The Cause of Human Brain Size Continues to Enlarge

A study found that the size of the human brain continues to grow larger than the size of our ancestors three million years ago.

The size of the human brain itself is three times larger than the species of relatives of chimps and bonobos (pygmy chimps).

The study, published in the journal Proceedings of the Royal Society B, analyzed 94 hominin fossils, one of the 'branches' of humans with the genus Homo.

The results show that brain size increases slowly and consistently due to the evolution of populations where large-brained species are becoming known and small-brained species are becoming extinct.



A study found that the size of the human brain continues to grow larger than the size of our ancestors three million years ago.

"Brain size is one of the most obvious traits that make us human because it deals with the complexity of culture, language, tool making and all the other things that make us unique," said Andrew Du of the University of Chicago and first author of the study.
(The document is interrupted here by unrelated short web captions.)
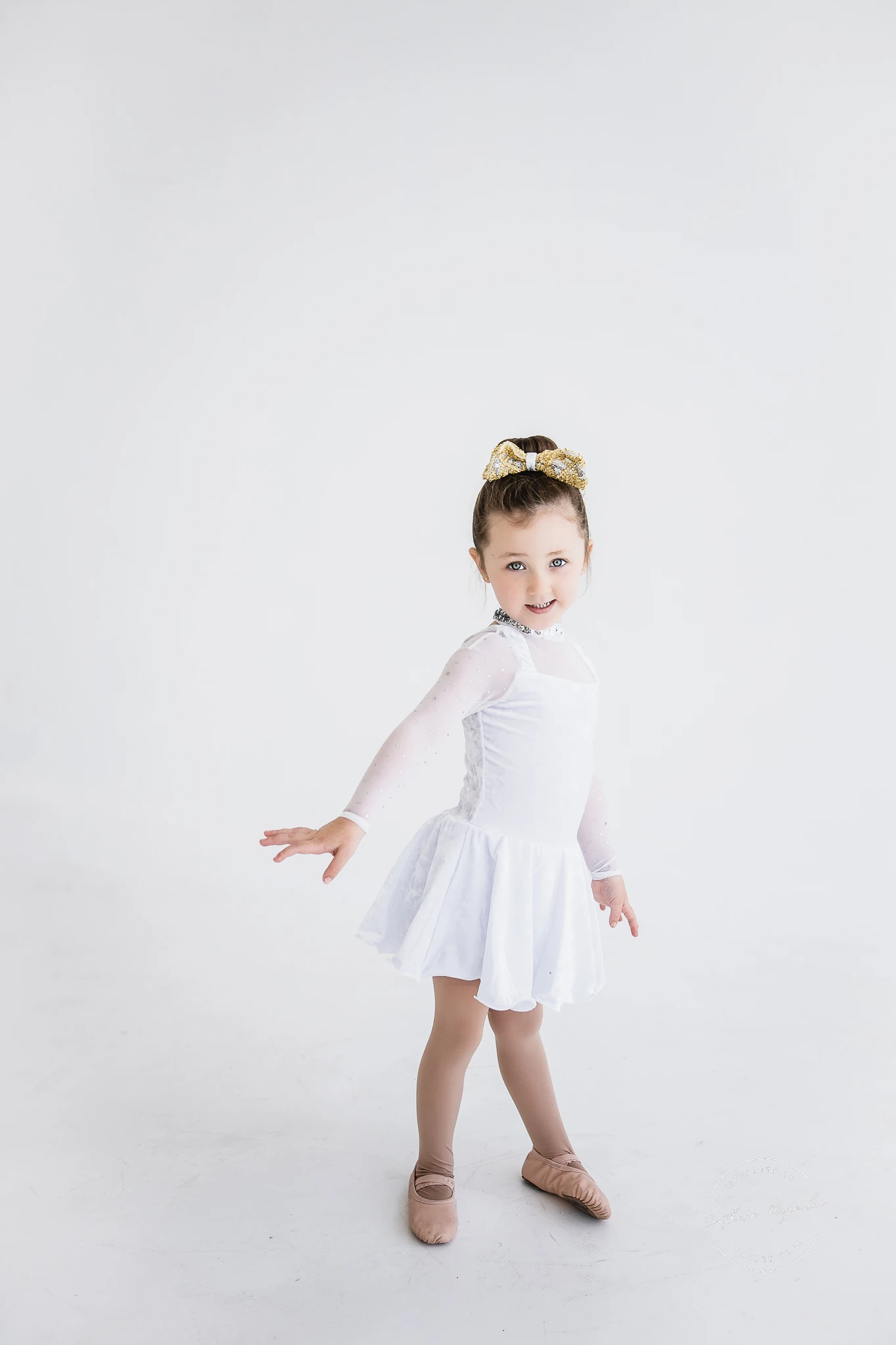 A young dancer in a white ballet dress and slippers during a portrait session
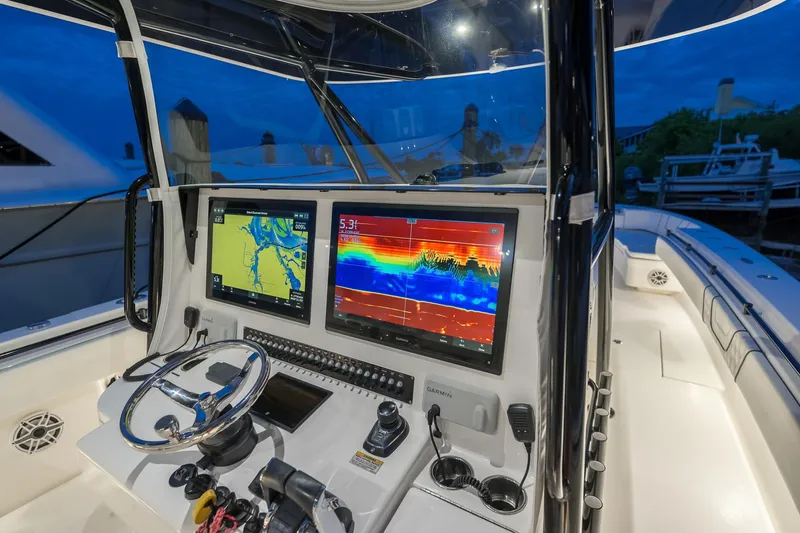 Slide: The Image of Cockpit of 2020 Contender 44 ST boat with advanced navigation displays. - 37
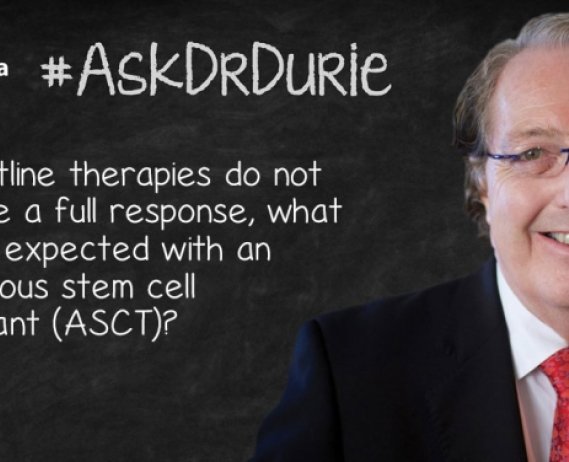 Dr. Durie in front of a chalk board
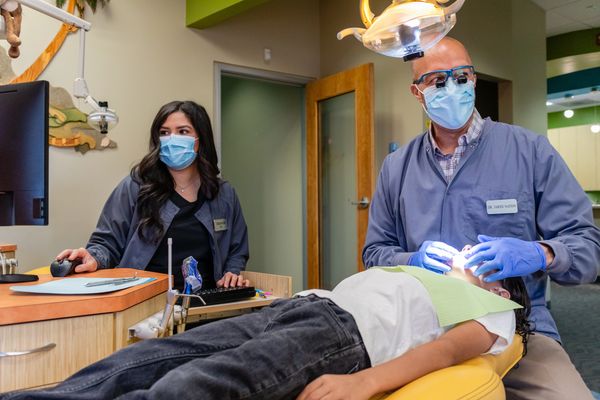 Certified pediatric dental specialists checking the patient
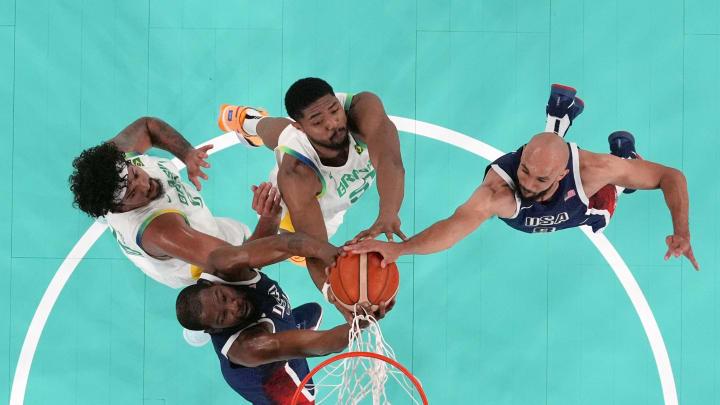 Aug 6, 2024; Paris, France; United States forward Kevin Durant, guard Derrick White against Brazil power forward Bruno Caboclo in a men’s basketball quarterfinal game during the Paris 2024 Olympic Summer Games at Accor Arena.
He added that earlier hominins had the same brain size as chimpanzees and continued to experience drastic increases.

The researchers compared the skulls of 94 fossil specimens with 13 different species, beginning with the earliest human ancestors emerging.

Two of them are Australopithecus which is a pre-modern species of 3.2 million years ago and Homo erectus that existed 500,000 years ago, when brain size began to overlap with modern humans.

The researchers saw that when the species were counted at the clade level, or the group that descended from the same ancestor, the average brain size gradually increased over a period of three million years.

A study found that the size of the human brain continues to grow larger than the size of our ancestors three million years ago.

The increase is driven by three different factors, mainly due to the evolution of larger brain sizes in the population of individual species. The addition of new species with larger brains and extinction in smaller brained species is also influential.

"Conventional wisdom says that our big brains have evolved because of a series of steps our ancestors are more intelligent. Not surprisingly it turns out the reality is more complex, with no clear relationship between brain size and behavior," says Bernard Wood, Professor at George Washington University and author senior study.